ACTIVITY - Could you repeat every record exactly as it appears?

DATASET CONTENT -

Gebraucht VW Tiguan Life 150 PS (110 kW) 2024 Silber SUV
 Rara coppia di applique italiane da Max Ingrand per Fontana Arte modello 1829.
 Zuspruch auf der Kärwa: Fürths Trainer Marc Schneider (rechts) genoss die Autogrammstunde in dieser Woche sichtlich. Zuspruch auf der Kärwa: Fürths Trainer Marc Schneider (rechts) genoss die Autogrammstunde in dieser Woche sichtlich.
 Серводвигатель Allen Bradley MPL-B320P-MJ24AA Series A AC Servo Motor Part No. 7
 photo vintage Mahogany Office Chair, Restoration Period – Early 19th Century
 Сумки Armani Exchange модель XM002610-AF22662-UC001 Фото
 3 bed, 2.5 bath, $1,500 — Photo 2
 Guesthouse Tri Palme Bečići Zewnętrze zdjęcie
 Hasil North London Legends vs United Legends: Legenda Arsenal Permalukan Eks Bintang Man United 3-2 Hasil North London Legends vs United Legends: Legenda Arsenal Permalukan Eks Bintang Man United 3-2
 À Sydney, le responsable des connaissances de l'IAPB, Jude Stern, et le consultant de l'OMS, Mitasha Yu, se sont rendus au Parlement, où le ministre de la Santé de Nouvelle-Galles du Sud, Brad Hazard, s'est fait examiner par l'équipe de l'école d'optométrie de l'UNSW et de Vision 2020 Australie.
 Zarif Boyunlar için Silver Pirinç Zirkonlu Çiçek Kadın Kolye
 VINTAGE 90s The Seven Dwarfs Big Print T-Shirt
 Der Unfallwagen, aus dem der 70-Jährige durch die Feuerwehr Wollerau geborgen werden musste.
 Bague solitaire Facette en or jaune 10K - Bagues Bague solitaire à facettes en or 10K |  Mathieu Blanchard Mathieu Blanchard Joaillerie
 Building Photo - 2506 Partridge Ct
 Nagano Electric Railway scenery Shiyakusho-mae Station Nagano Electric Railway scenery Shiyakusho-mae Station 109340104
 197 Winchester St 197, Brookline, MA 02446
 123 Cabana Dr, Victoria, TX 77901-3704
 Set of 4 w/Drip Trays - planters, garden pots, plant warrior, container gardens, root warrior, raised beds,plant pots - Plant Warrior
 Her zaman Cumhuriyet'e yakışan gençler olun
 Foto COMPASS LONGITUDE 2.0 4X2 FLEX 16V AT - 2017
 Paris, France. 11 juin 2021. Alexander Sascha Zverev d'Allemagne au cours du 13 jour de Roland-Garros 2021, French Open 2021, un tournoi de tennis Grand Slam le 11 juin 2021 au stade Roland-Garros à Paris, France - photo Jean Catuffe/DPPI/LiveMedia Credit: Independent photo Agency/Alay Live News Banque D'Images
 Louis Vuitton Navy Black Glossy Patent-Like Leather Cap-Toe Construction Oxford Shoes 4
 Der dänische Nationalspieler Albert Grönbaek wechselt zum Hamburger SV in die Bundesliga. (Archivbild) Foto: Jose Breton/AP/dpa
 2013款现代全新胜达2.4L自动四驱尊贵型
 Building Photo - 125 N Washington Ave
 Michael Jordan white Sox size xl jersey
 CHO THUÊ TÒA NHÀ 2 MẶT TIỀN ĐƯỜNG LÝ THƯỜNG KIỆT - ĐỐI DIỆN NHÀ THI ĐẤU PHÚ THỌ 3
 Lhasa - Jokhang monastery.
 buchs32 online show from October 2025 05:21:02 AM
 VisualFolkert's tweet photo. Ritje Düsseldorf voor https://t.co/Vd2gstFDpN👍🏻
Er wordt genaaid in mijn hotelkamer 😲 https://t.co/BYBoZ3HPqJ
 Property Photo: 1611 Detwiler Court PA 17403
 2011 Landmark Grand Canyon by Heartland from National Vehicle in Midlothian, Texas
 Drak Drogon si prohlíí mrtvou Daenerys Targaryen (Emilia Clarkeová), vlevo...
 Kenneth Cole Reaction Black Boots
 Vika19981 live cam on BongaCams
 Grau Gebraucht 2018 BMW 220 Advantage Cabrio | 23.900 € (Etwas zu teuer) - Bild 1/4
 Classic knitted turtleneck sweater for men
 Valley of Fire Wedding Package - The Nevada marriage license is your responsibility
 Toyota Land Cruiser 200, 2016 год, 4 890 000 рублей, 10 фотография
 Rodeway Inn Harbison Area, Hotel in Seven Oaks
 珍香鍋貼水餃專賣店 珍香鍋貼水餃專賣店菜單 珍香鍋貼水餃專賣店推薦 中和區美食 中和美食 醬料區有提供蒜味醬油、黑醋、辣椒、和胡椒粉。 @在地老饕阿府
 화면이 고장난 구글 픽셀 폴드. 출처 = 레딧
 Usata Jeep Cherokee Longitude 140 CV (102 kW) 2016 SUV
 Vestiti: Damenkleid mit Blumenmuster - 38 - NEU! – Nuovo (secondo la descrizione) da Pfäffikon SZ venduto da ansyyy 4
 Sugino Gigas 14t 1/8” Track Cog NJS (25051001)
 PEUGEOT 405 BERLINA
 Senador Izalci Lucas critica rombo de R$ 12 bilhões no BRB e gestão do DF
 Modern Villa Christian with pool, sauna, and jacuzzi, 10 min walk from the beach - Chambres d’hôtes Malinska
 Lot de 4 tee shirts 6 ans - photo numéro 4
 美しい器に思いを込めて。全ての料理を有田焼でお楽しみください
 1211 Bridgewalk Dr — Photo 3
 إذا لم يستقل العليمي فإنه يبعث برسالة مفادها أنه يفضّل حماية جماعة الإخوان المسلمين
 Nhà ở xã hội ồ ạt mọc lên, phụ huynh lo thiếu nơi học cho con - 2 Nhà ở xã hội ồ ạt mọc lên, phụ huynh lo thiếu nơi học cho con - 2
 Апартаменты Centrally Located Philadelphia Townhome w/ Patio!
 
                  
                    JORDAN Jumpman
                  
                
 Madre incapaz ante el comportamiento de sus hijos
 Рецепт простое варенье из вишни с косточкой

RESPONSE TO THE EXERCISE -
Gebraucht VW Tiguan Life 150 PS (110 kW) 2024 Silber SUV
 Rara coppia di applique italiane da Max Ingrand per Fontana Arte modello 1829.
 Zuspruch auf der Kärwa: Fürths Trainer Marc Schneider (rechts) genoss die Autogrammstunde in dieser Woche sichtlich. Zuspruch auf der Kärwa: Fürths Trainer Marc Schneider (rechts) genoss die Autogrammstunde in dieser Woche sichtlich.
 Серводвигатель Allen Bradley MPL-B320P-MJ24AA Series A AC Servo Motor Part No. 7
 photo vintage Mahogany Office Chair, Restoration Period – Early 19th Century
 Сумки Armani Exchange модель XM002610-AF22662-UC001 Фото
 3 bed, 2.5 bath, $1,500 — Photo 2
 Guesthouse Tri Palme Bečići Zewnętrze zdjęcie
 Hasil North London Legends vs United Legends: Legenda Arsenal Permalukan Eks Bintang Man United 3-2 Hasil North London Legends vs United Legends: Legenda Arsenal Permalukan Eks Bintang Man United 3-2
 À Sydney, le responsable des connaissances de l'IAPB, Jude Stern, et le consultant de l'OMS, Mitasha Yu, se sont rendus au Parlement, où le ministre de la Santé de Nouvelle-Galles du Sud, Brad Hazard, s'est fait examiner par l'équipe de l'école d'optométrie de l'UNSW et de Vision 2020 Australie.
 Zarif Boyunlar için Silver Pirinç Zirkonlu Çiçek Kadın Kolye
 VINTAGE 90s The Seven Dwarfs Big Print T-Shirt
 Der Unfallwagen, aus dem der 70-Jährige durch die Feuerwehr Wollerau geborgen werden musste.
 Bague solitaire Facette en or jaune 10K - Bagues Bague solitaire à facettes en or 10K |  Mathieu Blanchard Mathieu Blanchard Joaillerie
 Building Photo - 2506 Partridge Ct
 Nagano Electric Railway scenery Shiyakusho-mae Station Nagano Electric Railway scenery Shiyakusho-mae Station 109340104
 197 Winchester St 197, Brookline, MA 02446
 123 Cabana Dr, Victoria, TX 77901-3704
 Set of 4 w/Drip Trays - planters, garden pots, plant warrior, container gardens, root warrior, raised beds,plant pots - Plant Warrior
 Her zaman Cumhuriyet'e yakışan gençler olun
 Foto COMPASS LONGITUDE 2.0 4X2 FLEX 16V AT - 2017
 Paris, France. 11 juin 2021. Alexander Sascha Zverev d'Allemagne au cours du 13 jour de Roland-Garros 2021, French Open 2021, un tournoi de tennis Grand Slam le 11 juin 2021 au stade Roland-Garros à Paris, France - photo Jean Catuffe/DPPI/LiveMedia Credit: Independent photo Agency/Alay Live News Banque D'Images
 Louis Vuitton Navy Black Glossy Patent-Like Leather Cap-Toe Construction Oxford Shoes 4
 Der dänische Nationalspieler Albert Grönbaek wechselt zum Hamburger SV in die Bundesliga. (Archivbild) Foto: Jose Breton/AP/dpa
 2013款现代全新胜达2.4L自动四驱尊贵型
 Building Photo - 125 N Washington Ave
 Michael Jordan white Sox size xl jersey
 CHO THUÊ TÒA NHÀ 2 MẶT TIỀN ĐƯỜNG LÝ THƯỜNG KIỆT - ĐỐI DIỆN NHÀ THI ĐẤU PHÚ THỌ 3
 Lhasa - Jokhang monastery.
 buchs32 online show from October 2025 05:21:02 AM
 VisualFolkert's tweet photo. Ritje Düsseldorf voor https://t.co/Vd2gstFDpN👍🏻
Er wordt genaaid in mijn hotelkamer 😲 https://t.co/BYBoZ3HPqJ
 Property Photo: 1611 Detwiler Court PA 17403
 2011 Landmark Grand Canyon by Heartland from National Vehicle in Midlothian, Texas
 Drak Drogon si prohlíí mrtvou Daenerys Targaryen (Emilia Clarkeová), vlevo...
 Kenneth Cole Reaction Black Boots
 Vika19981 live cam on BongaCams
 Grau Gebraucht 2018 BMW 220 Advantage Cabrio | 23.900 € (Etwas zu teuer) - Bild 1/4
 Classic knitted turtleneck sweater for men
 Valley of Fire Wedding Package - The Nevada marriage license is your responsibility
 Toyota Land Cruiser 200, 2016 год, 4 890 000 рублей, 10 фотография
 Rodeway Inn Harbison Area, Hotel in Seven Oaks
 珍香鍋貼水餃專賣店 珍香鍋貼水餃專賣店菜單 珍香鍋貼水餃專賣店推薦 中和區美食 中和美食 醬料區有提供蒜味醬油、黑醋、辣椒、和胡椒粉。 @在地老饕阿府
 화면이 고장난 구글 픽셀 폴드. 출처 = 레딧
 Usata Jeep Cherokee Longitude 140 CV (102 kW) 2016 SUV
 Vestiti: Damenkleid mit Blumenmuster - 38 - NEU! – Nuovo (secondo la descrizione) da Pfäffikon SZ venduto da ansyyy 4
 Sugino Gigas 14t 1/8” Track Cog NJS (25051001)
 PEUGEOT 405 BERLINA
 Senador Izalci Lucas critica rombo de R$ 12 bilhões no BRB e gestão do DF
 Modern Villa Christian with pool, sauna, and jacuzzi, 10 min walk from the beach - Chambres d’hôtes Malinska
 Lot de 4 tee shirts 6 ans - photo numéro 4
 美しい器に思いを込めて。全ての料理を有田焼でお楽しみください
 1211 Bridgewalk Dr — Photo 3
 إذا لم يستقل العليمي فإنه يبعث برسالة مفادها أنه يفضّل حماية جماعة الإخوان المسلمين
 Nhà ở xã hội ồ ạt mọc lên, phụ huynh lo thiếu nơi học cho con - 2 Nhà ở xã hội ồ ạt mọc lên, phụ huynh lo thiếu nơi học cho con - 2
 Апартаменты Centrally Located Philadelphia Townhome w/ Patio!
 
                  
                    JORDAN Jumpman
                  
                
 Madre incapaz ante el comportamiento de sus hijos
 Рецепт простое варенье из вишни с косточкой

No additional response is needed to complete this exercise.